XIV Docs

Shader Package (.shpk)

Note

This documentation is incomplete, resource and scalar parameters are not documented yet.

A collection of vertex and pixel shaders. A good example is “character.shpk” which contains - you guessed it - character shaders.

Header Structure #

All values are in little-endian.

Offset Type Purpose
0x00 4 character ASCII string Magic, should read “ShPk”.
0x04 Unknown 4 byte. Unknown.
0x08 4 character ASCII string The format of the shader, e.g. “DX11”.
0x0C 32-bit integer File length in bytes.
0x10 32-bit integer Offset in bytes to the shader bytecode.
0x14 32-bit integer Offset in bytes to the parameter list.
0x18 32-bit integer Number of vertex shaders.
0x1C 32-bit integer Number of pixel shaders.
0x20 32-bit integer Number of scalar parameters.
0x24 32-bit integer Number of resource parameters.

Reading shader bytecode #

Getting the shader bytecode from a shader package is easy, it begins at the shader bytecode offset in the header. Then, move your cursor up 12 bytes (to skip the initial DXBC ASCII, and some garbage data).

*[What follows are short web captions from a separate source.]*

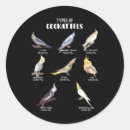 Recherche de perroquet drôle autocollants Cocktail
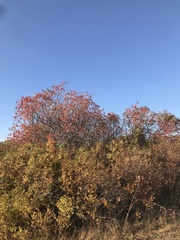 Prunus padus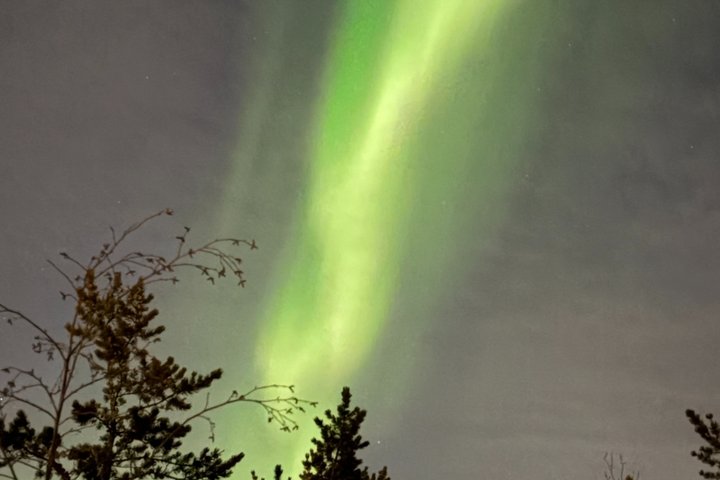 Aurora Hunting Tour in Yellowknife — Shared Bus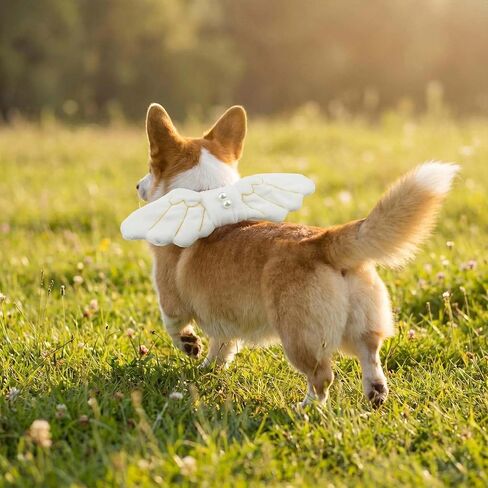 FLAdorepet Pet Dog Angel Wings Halloween Cat Costume for Small Medium Dog (One Size, White) in Kuwait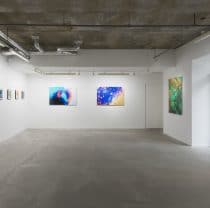 Kana Kawanishi Gallery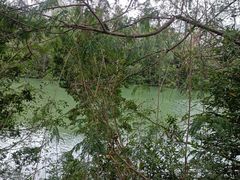 -金鸡岭桥头公园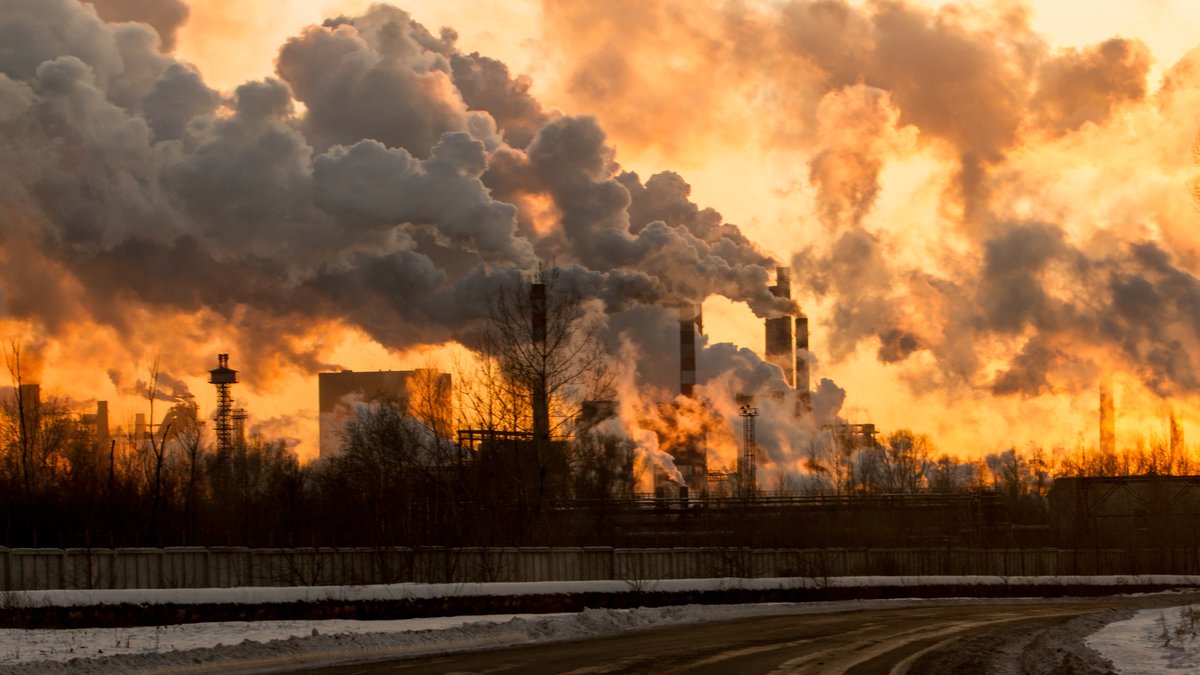 Tricksereien bei Klimaschutzprojekten? Ermittlungen in Bayern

Then, collect a WORD (4 bytes) at a time and putting them into a buffer. Keep doing this until you hit the next DXBC ASCII and you found a complete shader bytecode. Rinse and repeat and you should have N shaders where N = number of vertex shaders + number of pixel shaders.

The format of this shader bytecode is nothing special, it’s DXBC (the bytecode format used by DirectX before DXIL.) If you want to reverse this into something usable, like SPIR-V, HLSL or GLSL then you need to find a decompiler.